Are children effective teachers?

It is important that dyads are of mixed ability, but children should actively exchange ideas when working together.
The more able child is guiding the less able child through their ZPD.

Today, the More knowledgeable other (MKO) can be a computer program.

Implications for educational practice and assessment

Student Teams Achievement Divisions (STAD): a method used to show how cooperative learning can work. Children are allocated to work in small groups comprising children of varying ability, gender and ethnic backgrounds. The teacher introduces a topic and the group members discuss this until they agree that they fully understand the topic.

Psychology, schools and educational reform

The question of the relationship between the content of a school curriculum and the nature of children’s learning is key in all developed countries.

Attainment targets: description of the knowledge that children should have acquired as they work their way through the education system.

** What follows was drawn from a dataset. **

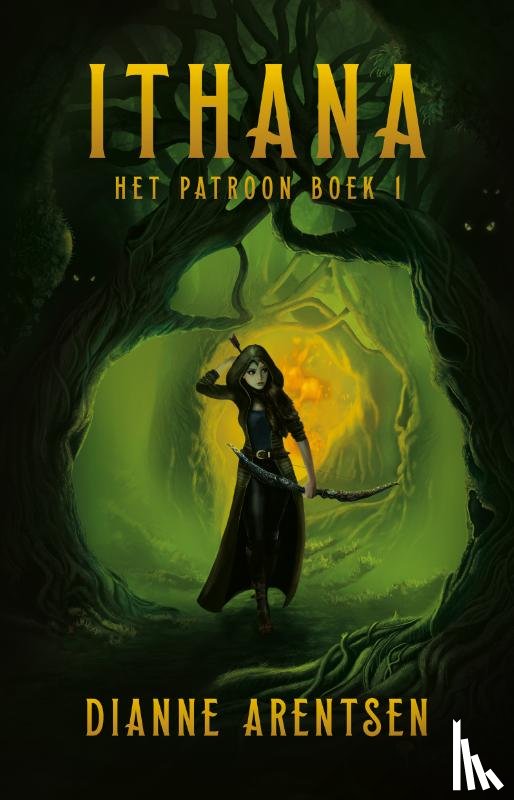 Arentsen, Dianne - Ithana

Assessing children’s learning

Two crucial aspects of the assessment procedures introduced by the National Curriculum:

  • They represent the first compulsory assessment of children as young as 7 years after only two or three years of formal schooling
  • The method of testing was intentionally different from standard forms of testing.

Norm referencing: test based on the average scores for the population, and hence provide a reference point to indicate how individual children perform relative to the scores of other children.
Most scholar test are norm referenced.

Criterion referencing: the measure of a child’s performance relative to a specified criterion.
The test introduced with the National Curriculum where.

It gives a description of what the child actually knows.
Formative: a function of assessment where the purpose is to provide information to support further learning.